Voltar pra minha terra natal me dá a
oportunidade de lançar um novo olhar sobre a minha cultura. Coisas que antes
eram super normais, cotidianas e despercebidas de repente saltam os olhos. Este
é um momento interessante, que eu faço questão de não deixar passar em branco.

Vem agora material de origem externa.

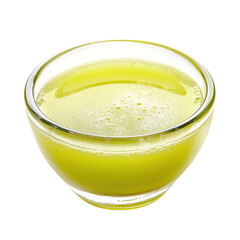 glass bowl of lime juice on isolated transparent background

O que tem chamado bastante minha atenção recentemente é como a crescente
violência em Salvador tem transformado o comportamento das pessoas. Até meus
amigos mais relaxados e tranquilões estão virando uma pilha de nervos. Isso me
assusta enormemente. Outra mudança de comportamento que eu observei (já de
muuuuuuuito tempo, mas agora está demais) é que pra se proteger um pouquinho
que seja da violência, os Soteropolitanos abrem de mão de cada vez mais
direitos, de cada vez mais liberdades.
Exemplos: já faz tempo que a gente não
pode sacar quanto a gente quer de nosso próprio dinheiro nos caixas
eletrônicos. Pra evitar que seus clientes sejam completamente roubados, os
bancos instituiram limites de saques nessas máquinas. As operadoras de cartões
de crédito seguiram a moda e monitoram de perto as compras de seus associados.
Também bloqueiam seus cartões assim que uma atividade atípica é detectada.

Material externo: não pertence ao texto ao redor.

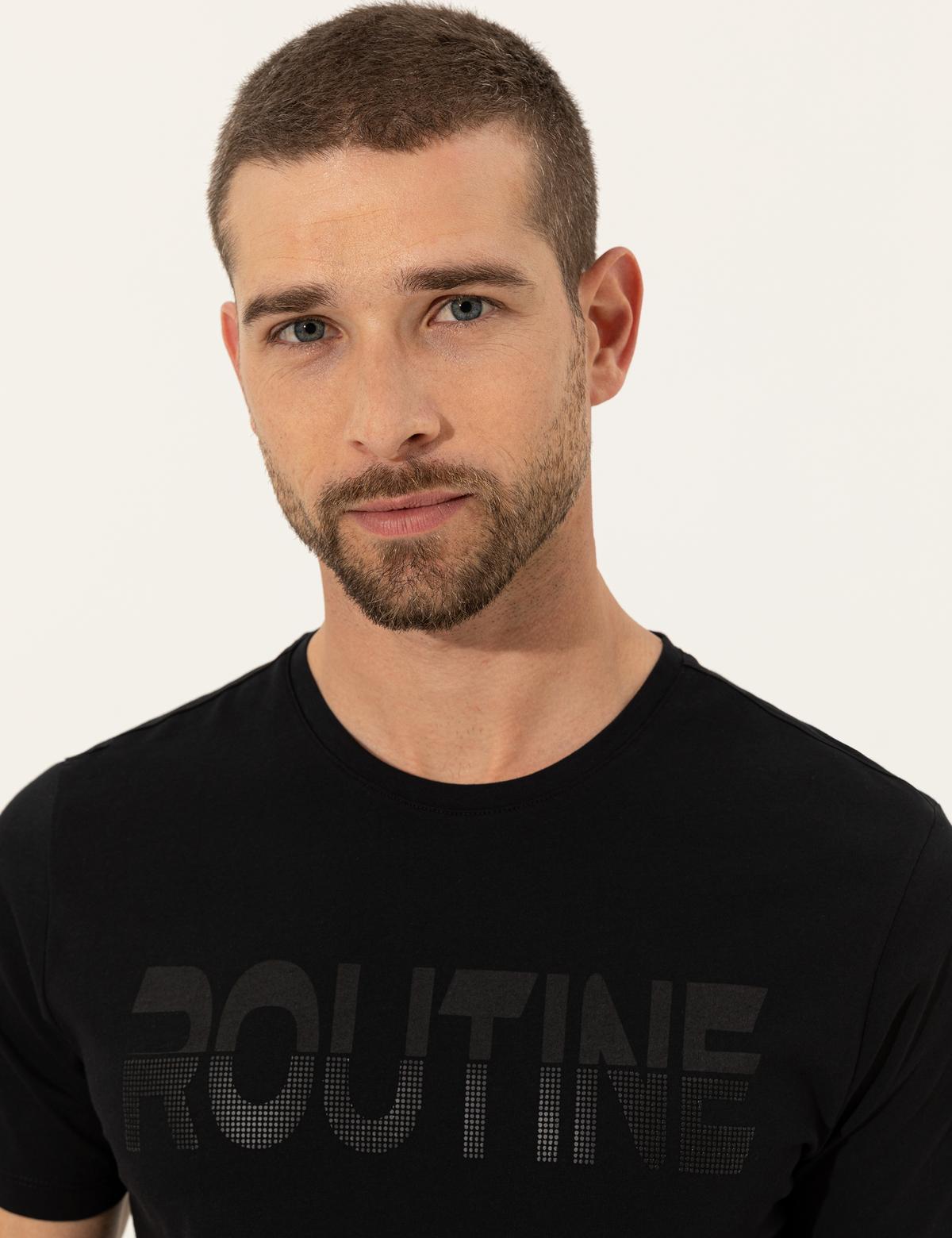 Siyah Slim Fit Baskılı Bisiklet Yaka Tişört - 50249871007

Agora também já não se pode usar o celular dentro dos bancos para evitar que marginais
alertem seus comparsas do lado de fora do banco sobre quem sacou dinheiro.
Outro dia ouvi uma entrevista de um bambambam da polícia dando dicas de como
fazer pra sair vivo de um assalto. Me indignei! claro que eu entendo a lógica
de tudo isso. Claro que quando alguém é assaltado, depois de passado o susto da
situação, é um consolo saber que o bandido não vai poder raspar a sua conta.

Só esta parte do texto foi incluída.